Start of Given records

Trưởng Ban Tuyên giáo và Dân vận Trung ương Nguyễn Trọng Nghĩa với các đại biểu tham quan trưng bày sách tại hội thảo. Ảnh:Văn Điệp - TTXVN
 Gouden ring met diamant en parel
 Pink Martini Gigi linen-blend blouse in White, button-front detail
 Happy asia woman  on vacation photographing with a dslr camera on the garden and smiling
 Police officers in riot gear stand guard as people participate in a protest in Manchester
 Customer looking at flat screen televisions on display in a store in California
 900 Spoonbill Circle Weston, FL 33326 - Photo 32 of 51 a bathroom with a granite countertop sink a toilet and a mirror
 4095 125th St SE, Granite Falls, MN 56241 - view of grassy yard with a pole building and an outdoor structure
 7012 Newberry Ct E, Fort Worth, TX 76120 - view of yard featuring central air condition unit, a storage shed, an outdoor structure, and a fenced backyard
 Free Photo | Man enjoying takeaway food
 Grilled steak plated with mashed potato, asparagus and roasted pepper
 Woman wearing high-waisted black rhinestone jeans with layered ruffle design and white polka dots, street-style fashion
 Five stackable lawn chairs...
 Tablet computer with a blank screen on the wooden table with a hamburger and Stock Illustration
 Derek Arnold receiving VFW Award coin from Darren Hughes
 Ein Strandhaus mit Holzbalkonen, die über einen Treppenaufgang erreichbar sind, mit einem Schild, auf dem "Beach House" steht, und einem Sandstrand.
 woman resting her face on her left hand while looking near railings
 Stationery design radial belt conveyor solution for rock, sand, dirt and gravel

End of Given records

**Problem to work on**. An exact retyping of the lines from the one with "Tablet computer with" to the end of the material above, with both ends included and nothing added, is the required answer.

**Answer box**.
 Tablet computer with a blank screen on the wooden table with a hamburger and Stock Illustration
 Derek Arnold receiving VFW Award coin from Darren Hughes
 Ein Strandhaus mit Holzbalkonen, die über einen Treppenaufgang erreichbar sind, mit einem Schild, auf dem "Beach House" steht, und einem Sandstrand.
 woman resting her face on her left hand while looking near railings
 Stationery design radial belt conveyor solution for rock, sand, dirt and gravel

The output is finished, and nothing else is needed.